Tuesday, June 12, 2012

meet vinny


why yes.  i did set my accordion in the yard just to take a picture of it.  i am that person, thank you very much.

and apparently i'm not the only person in zambia who has an appreciation for old-timey, slightly (or "really" depending on who you are) dorky instruments.



aw, look at that smile.


the best part is that one of our toughest boys at school was so taken with vinny that the only way i could get him to be obedient was to promise a lesson.  gotta say, i never thought i'd be using an accordion to make children mind.  but, hey.  whatever works.

Tuesday, June 5, 2012

first week back and...

i am voiceless.  makes for an interesting music teaching experience.  but thanks to my raspy whisper i got to experience:


1. the youngest of my students running up with joy, yelling, "ba leslie! ba leslie!" only to stop dead in their tracks awkwardly when i would respond with an unnaturally low, "hi-(squeak)-iii!"


2. my students proving that they actually learned something in my class last term when i could simply point to a circle on the board and they would yell out, "whole note!"


3. a slightly unconventional music class consisting of a room full of students dancing around and singing praises to God, while i simply smiled and danced along 


4. teaching my drama club members (that's right.  we have a drama club now!) how to play charades (for obvious reasons)  

hopefully next week i'll actually be able to talk and (heaven help me!) sing too!


ooh! and speaking of students and school and the like, check out our new school uniforms!  aren't they great!? 




here's a little video too, which also demonstrates the best my voice has been all week.


Monday, June 4, 2012

learning to say thank you

one of the things we are desperately trying to teach our kids at lifesong is a spirit of thankfulness.  let me make one thing very clear... with most of them this is an extremely difficult task.  
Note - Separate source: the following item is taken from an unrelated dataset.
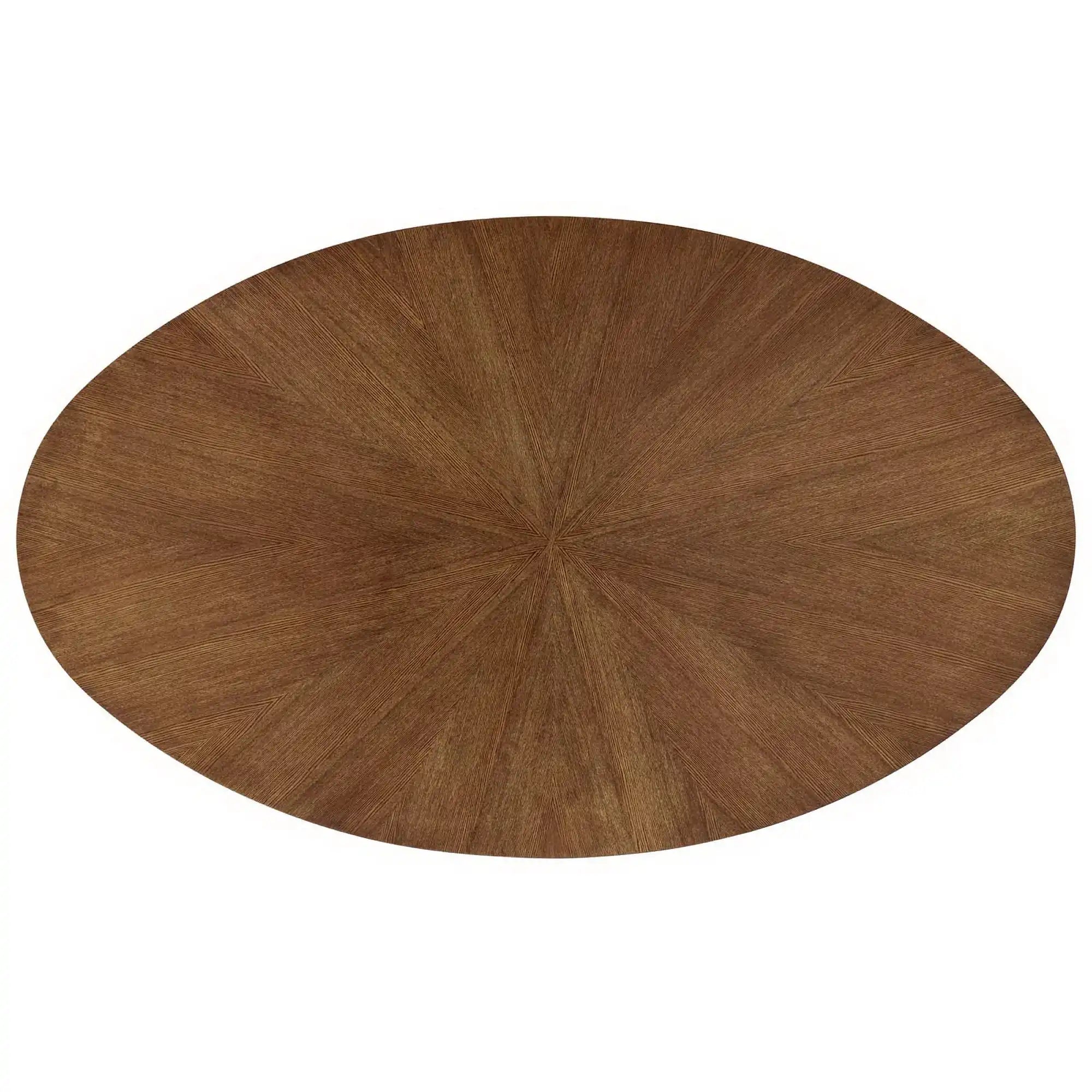 Crossroads 71" Oval Wood Dining Table by Modway - Best Buy Furniture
and understandably so when i stop to remind myself where these kids come from.  


since i was little i've been taught the importance of saying thank you, the value of being genuinely grateful for what i've been given.  but for my kids... when those closest to them don't give, but take... don't nurture but neglect... don't love but tolerate... how can they even begin to understand thankfulness?


i've been given much.  i understand that i don't deserve it.  i know i should be thankful.  even when i don't necessarily feel it i still get these simple truths.
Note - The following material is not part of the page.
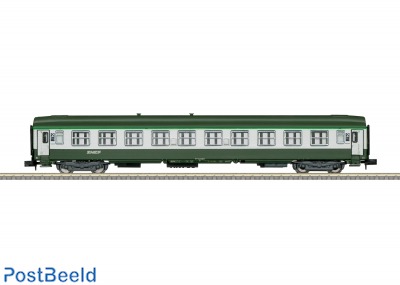 Type B10 Express Train Passenger Car, 2nd class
they have been given little.  they think they deserve more.  they have never (until now) been taught how to be thankful.




recently i heard a sermon on how we have a tendency in ministry to get weighed down with the need around us and forget to just kneel before God in thanksgiving.
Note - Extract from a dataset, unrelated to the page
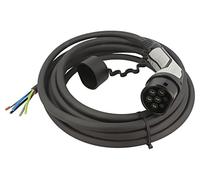 1013068 Cable: eMobility 480V 26,6kW Cable,Tipo 2 IP44 7m 32A -40-50°C PHOENI...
to be thankful that He is a personal God who really truly cares and sincerely loves everyone intimately (wow.  i mean seriously.  have you thought about how cool that is?)


thankful that He has instilled His own heart for others in each of His followers


thankful that He even wants me to be a part of His ministry


thankful that i have the opportunity to work with beautifully broken children who daily draw me closer to Him


thankful that i have family and friends who cheer for me when i succeed, weep with me when i fail, and miss me when i'm in africa


thankful that i get to live in an exoticly different country with the coolest team of people around (seriously, guys.  they're kind of awesome.)


thankful that people will still read my blog even when i leave it dreadfully neglected (right?)

soon after that i was getting ready for bed and was struck with a somewhat sudden urge to fall to my knees and thank my Jesus for... oh lots of things.  i am confident God desires to hear our requests, desires, and lengthy tales of sorrow.  i also know that on that night He only required my joy.  my stories of blessing.  my thanks.


since then i've tried to make a habit of only praying prayers of thanks before bed.  and i've realized that as much as i thought i had to teach on the subject of thanksgiving, i also have a whole lot to learn.  


so now, though my days may be filled with requests for wisdom in how to teach children and patience when they don't always understand, i will look forward to falling asleep each night with a newly thankful heart.